Justement, tous les ingrédients étaient réunis pour que la séance se tienne, que les députés de l’opposition éructent leur colère à la barbe du Premier ministre et ceux du pouvoir Tèt kale aient l’impudence de défendre les actions du gouvernement. Mais la lettre de la Cour des comptes, adressée la veille à Gary Bodeau, président de la Chambre des députés, a changé la donne. La Cour des comptes a donc renvoyé dans les cordes ces ministres, dont celui de la Culture et de la Communication Guyler Delva, bel et bien présent au bord de mer. Elle indique que ceux-ci devaient préalablement avoir décharge de leur gestion pour avoir été « comptables de deniers publics ».
Dans une salle où papillonnent les élus de l’opposition décidés à déloger Jack Guy Lafontant du confort de la Primature, Gary Bodeau, le premier d’entre les députés, s’est ingénié à dicter le tempo. Il a sorti les articles 159 et 161 de la Constitution et soutenu que ces ministres ont leur entrée au Parlement. « En attendant que nous constituions une commission d’enquête à la plus prochaine séance pour vérifier le dossier des ministres indexés, nous levons la séance. Parce que le gouvernement ne doit pas être interpellé en partie. C’est l’ensemble du gouvernement qui a été interpellé », explique Gary Bodeau, soulignant qu’il convoquera une nouvelle séance une fois qu’on aura étudié les dossiers de ces ministres.
« C’est une lettre que m’a envoyée la Cour des comptes. Ce n’est pas un rapport d’audit », justifie Gary Bodeau, insistant sur la nécessité d’approfondir les informations contenues dans la lettre de la Cour des comptes. Jean Marcel Lumérant, l’un des députés interpellateurs, parle d’une « violation flagrante de la Constitution ». « Le Premier ministre a violé la Constitution. Il nous faut faire sa mise en accusation. Il faut que l’action publique soit mise en mouvement contre ces quatre ministres qui engagent le pays sans titre ni qualité […] », s’enflamme, mi-exaspéré mi-ironique, l’élu de Grand-Goâve.
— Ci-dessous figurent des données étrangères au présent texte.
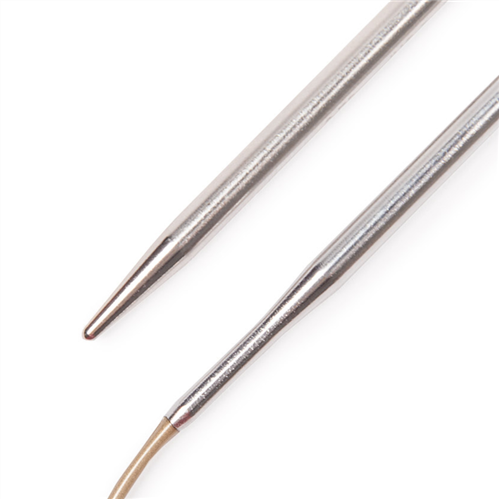 Addi CraSy Trio Needles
Les élus, de tout bord, enquillent les punchlines. Les ministres et le Premier ministre sont conduits vers la sortie. Les regards sont déjà tournés vers la nouvelle date d’interpellation qui n’est pas encore connue. Guyler Delva, lui, comme un symbole, reste seul dans la salle. Interrogé sur la teneur de la lettre de la Cour, il croit qu’il n’a rien à y voir. « J’étais pas comptable des deniers publics. C’était une subvention que recevait SOS journalistes dans le cadre de ses déplacements. Ça s’est passé une fois […]. » Le gouvernement n’est-il pas désormais dans ses petits souliers avec cette révélation de la Cour des comptes ? « Il y a des clarifications qui vont être apportées », dit-il, avec l’audace habituelle qui lui est propre.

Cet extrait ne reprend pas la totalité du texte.